The Role of Unpredictable Variables

Even with precise measurements, certain factors are difficult to control or predict. The way ingredients are incorporated, the speed and duration of mixing, and small variations in oven heat distribution can all affect the cake’s crumb. Microscopic differences—such as air bubbles trapped during mixing—can lead to changes in how the cake rises and sets. Additionally, the chemical reactions (like Maillard browning and starch gelatinization) may progress differently based on these subtle factors.

Limits of Predictability in Baking

While modern food science can model and estimate the likely outcome of a cake recipe, it cannot guarantee the exact internal structure every time. The system is too complex, with countless interacting variables. Thus, bakers can achieve consistency, but not perfect predictability. This is similar to other complex systems in nature, where knowing all initial conditions does not always allow for exact forecasts due to sensitivity to minor changes.

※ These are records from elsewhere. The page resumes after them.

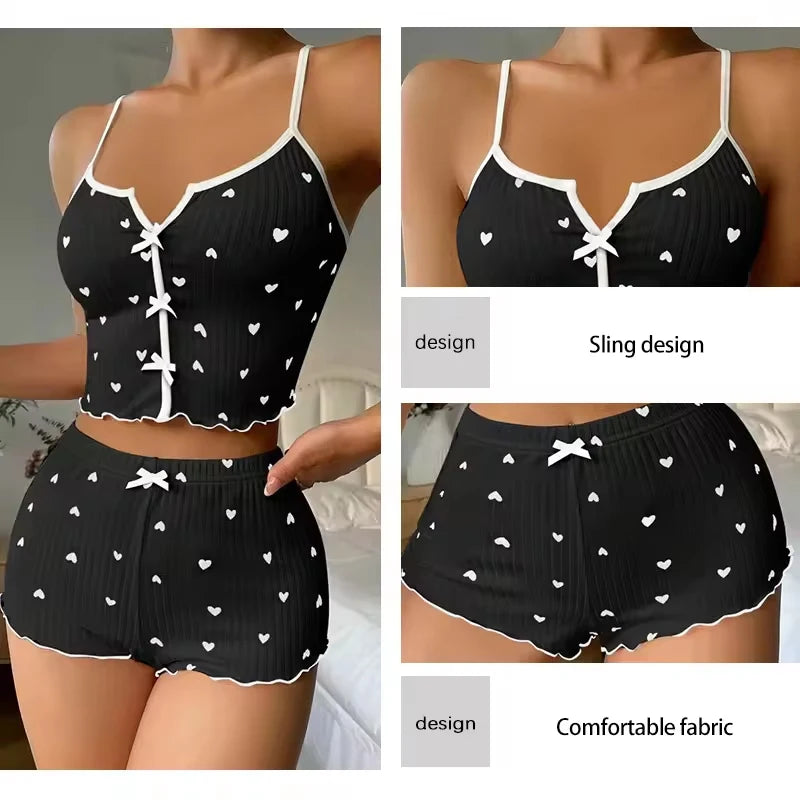 Sexy Sleepwear Women Pajamas Set Heart Print Silk Stain V-Neck Sleeveless Casual Cami Top and Shorts Sets Home Suit Loungewear
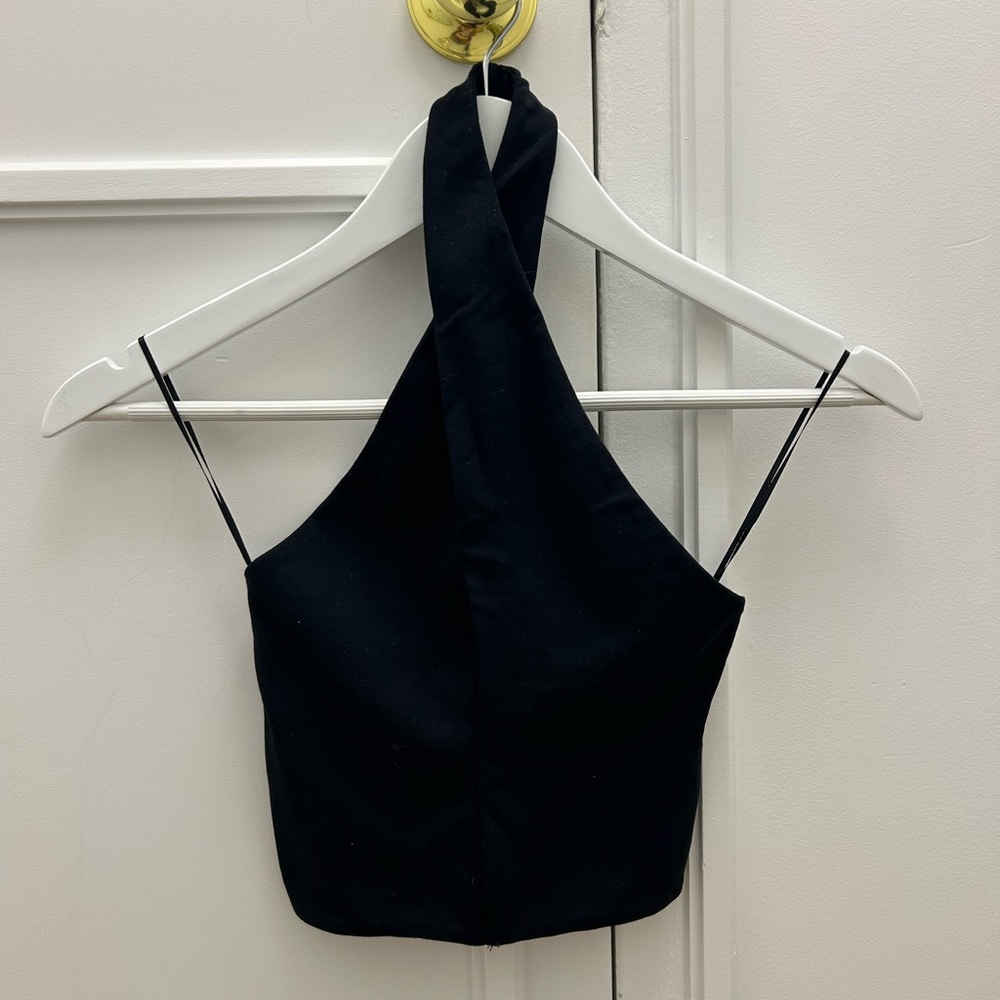 Zara NEVER WORN Halter Cross Over Black Tank Top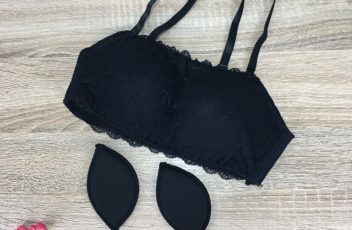 BRS8835 IDR 81.000 MATERIAL LACE CUP B WITHOUT WIRE & FREE PAD SIZE 32,34,36 COLOR BLACK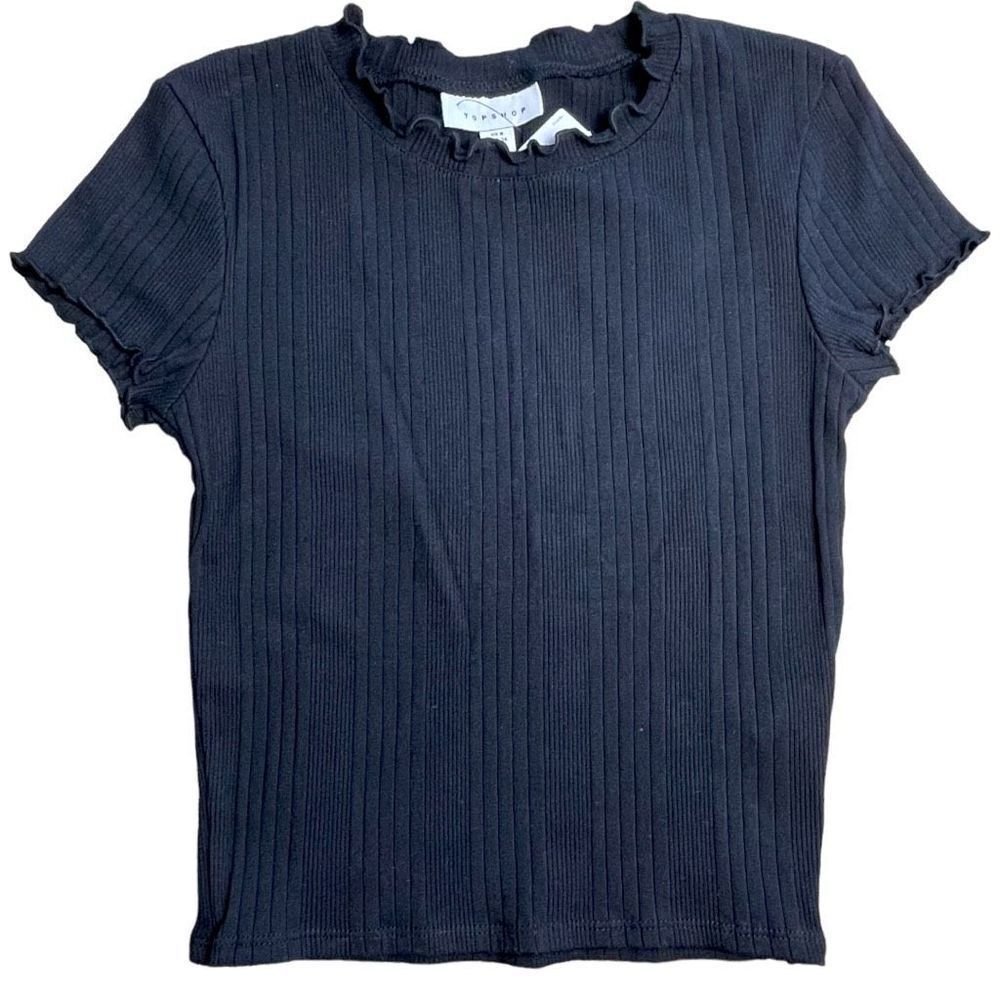 Topshop Women's Black Ribbed Short Sleeve Ruffle Crop Top Size 4 NWT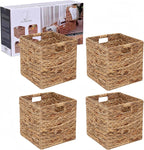 Foldable Water Hyacinth Storage Cubes - Set of 4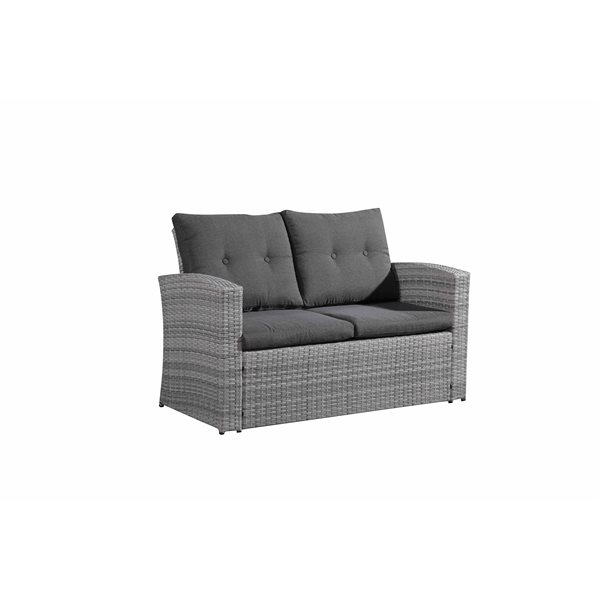 Velago LAMONE Light Grey Patio Conversation Set with Grey Polyester Cushions Included - 4-Piece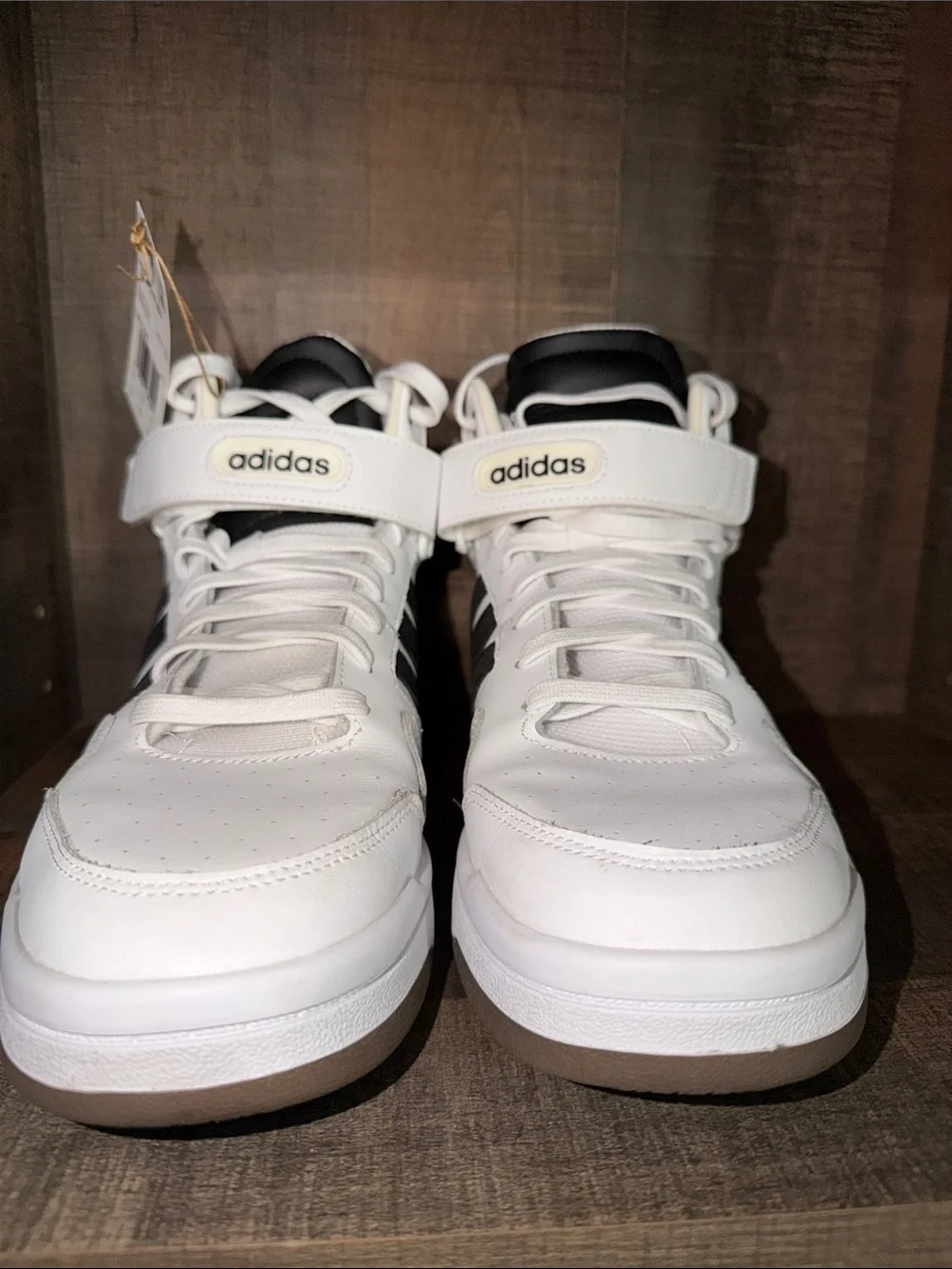 ADIDAS Men’s White and Black High-Top Athletic Sneakers-size 10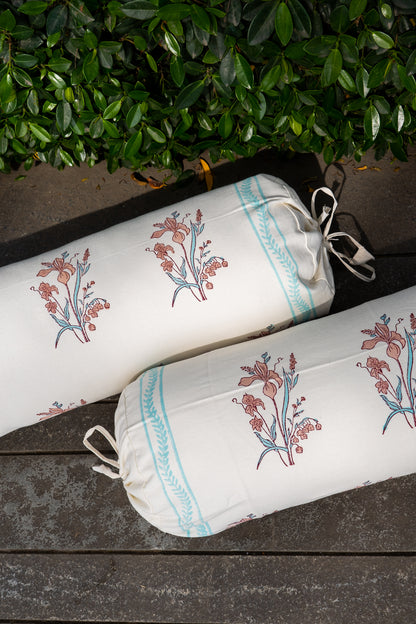 Wine and blue ek phool bolster cover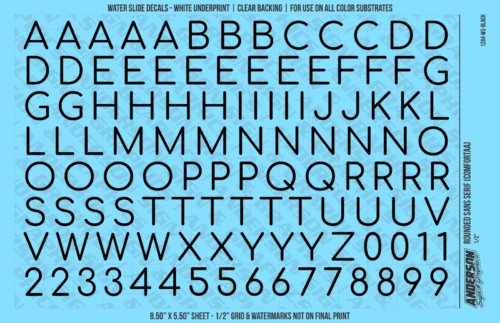 ASG Waterslide Decals - Rounded Sans Serif Lettering Numbers 1/2"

Analogous Challenges in AI Development

We say that with baking a cake, even though knowing and measuring all ingredients is essential for successful baking, it does not allow for the perfect prediction of a cake’s internal structure. The unpredictable interplay between chemical reactions, physical processes, and environmental factors means that each cake is unique, even under seemingly identical conditions. This unpredictability is part of what makes baking both a science and an art. If this is so for cakes that we have been making for centuries, what about AI development, which we have only been developing over a few decades? The implications and potential consequences are far greater than if your recipe results in you having to serve a sloughed cake!

Limits of Predictability for AI Systems

Just as the structure of a cake is influenced by a multitude of interacting variables—some of which are difficult to control or predict—the development and performance of artificial intelligence (AI) systems share similar complexities. In AI, even with precise algorithms and well-defined data inputs, the internal workings and outcomes of a model are shaped by countless factors, including data quality, model architecture, hyperparameter choices, and subtle environmental influences.

Much like unpredictable air pockets or temperature fluctuations in baking, small variations in training data, random initialization, or hardware performance can lead to different outcomes in AI models, even when the process appears to be strictly controlled. The emergent behaviour of an AI system, analogous to the crumb texture of a cake, is the result of intricate and often non-linear interactions between components. This means that perfect predictability—knowing exactly how an AI will perform on every possible input—remains elusive.

Ultimately, both baking and AI development exemplify complex systems where consistency can be achieved through careful measurement and control, but absolute certainty is unattainable due to inherent unpredictability and sensitivity to minor changes. This “unpredictability” appears to be what makes both fields continually challenging and rewarding, blending scientific rigour with creative problem-solving. But how much of this unpredictability should be unleashed on society?

We don’t need AI for our survival today, but at the current pace of AI development, investments, and lack of understanding, it could potentially reach a point where it dictates our survival — the question is not if, but when!